→ Exercise data:

══════════════════════════════

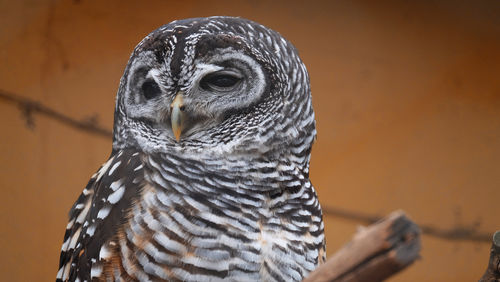 Close-up portrait of owl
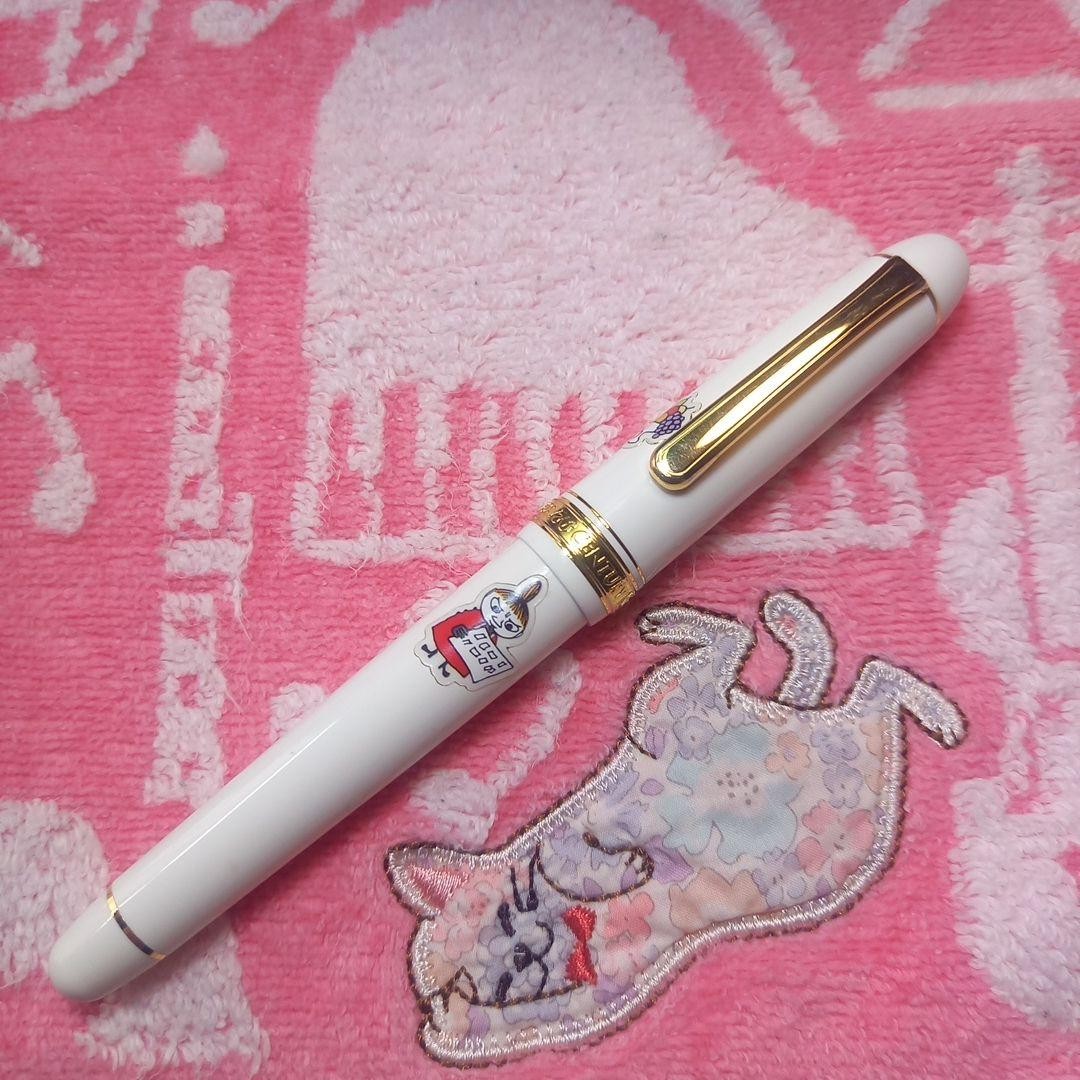 Platinum 3776 [F] Fountain Pen 14K Nib Japan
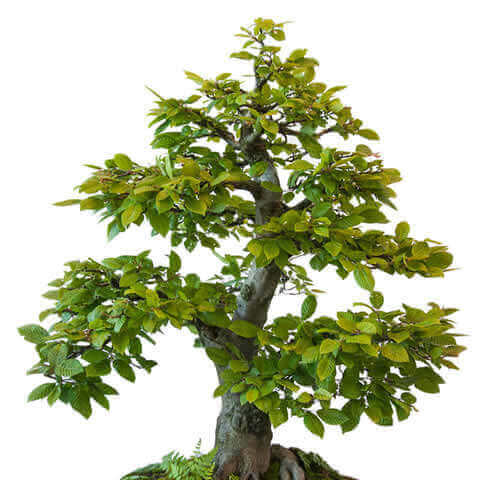 CARPINUS BETULUS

══════════════════════════════

→ What the task requires:
Please keep every line of the data the same when you reproduce it, and keep every picture out.

→ Task answer:
 Close-up portrait of owl
 Platinum 3776 [F] Fountain Pen 14K Nib Japan
 CARPINUS BETULUS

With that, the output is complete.